▶ [Exercise objective]
Start at the first line below and write out everything verbatim except the pictures.

▶ [Available data]
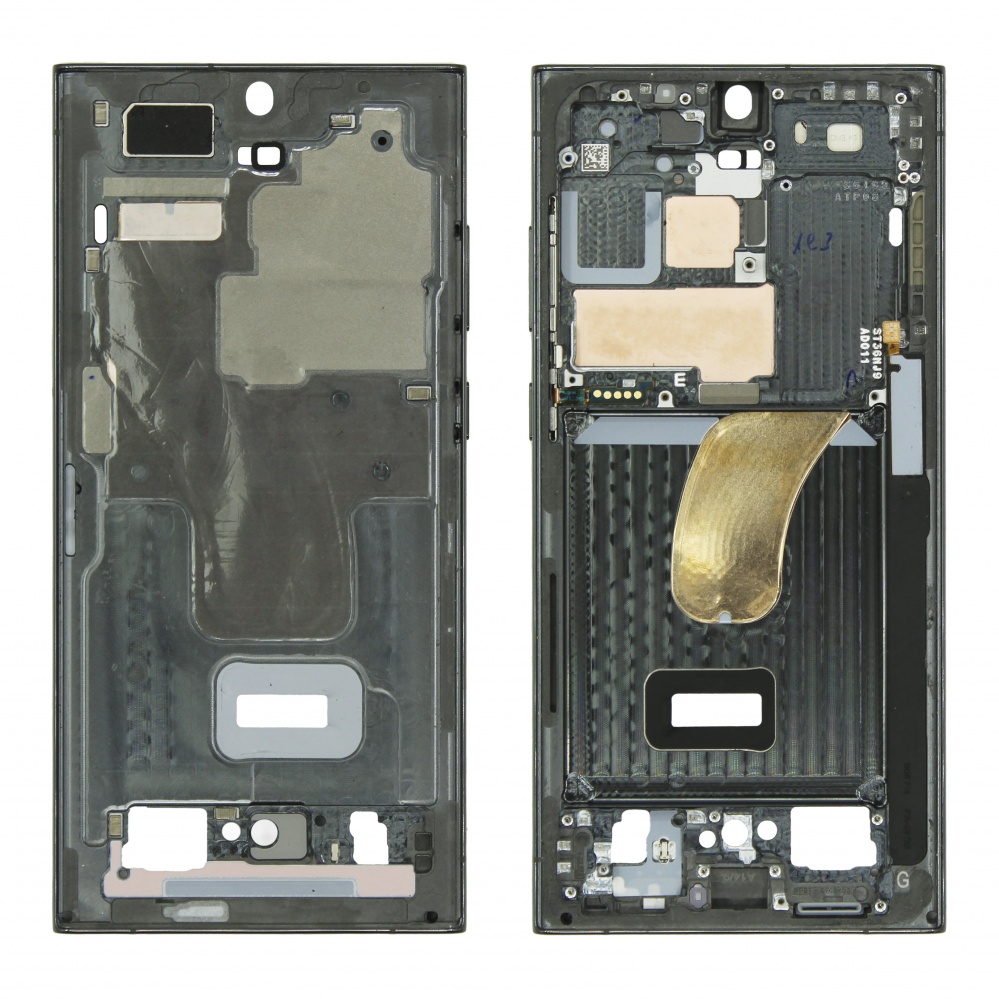 Рамка дисплея для Samsung S918B (S23 Ultra) (Зеленый) - снятый OR100%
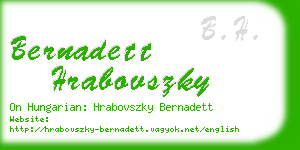 bernadett hrabovszky business card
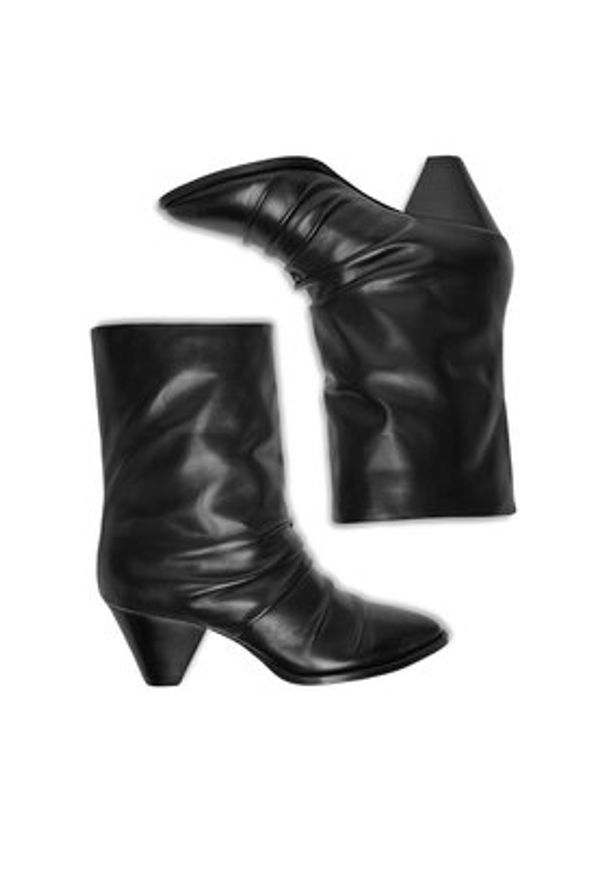 Badura Botki EO-APRIL-25FW219 Czarny. Kolor: czarny. Materiał: skóra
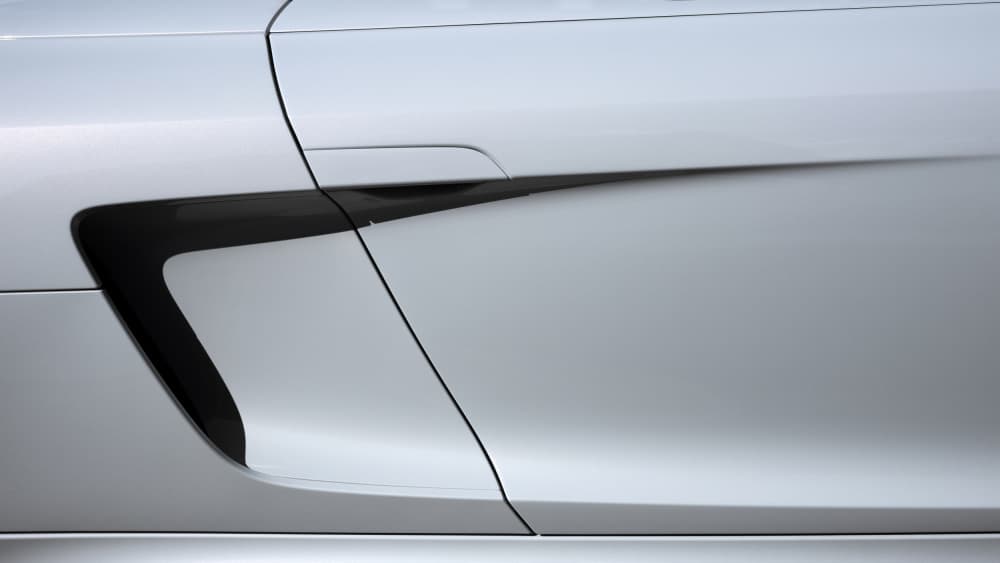 Sleek Silver Car Detail by FranzStaab — canvas wall art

▶ [Output for this exercise]
 Рамка дисплея для Samsung S918B (S23 Ultra) (Зеленый) - снятый OR100%
 bernadett hrabovszky business card
 Badura Botki EO-APRIL-25FW219 Czarny. Kolor: czarny. Materiał: skóra
 Sleek Silver Car Detail by FranzStaab — canvas wall art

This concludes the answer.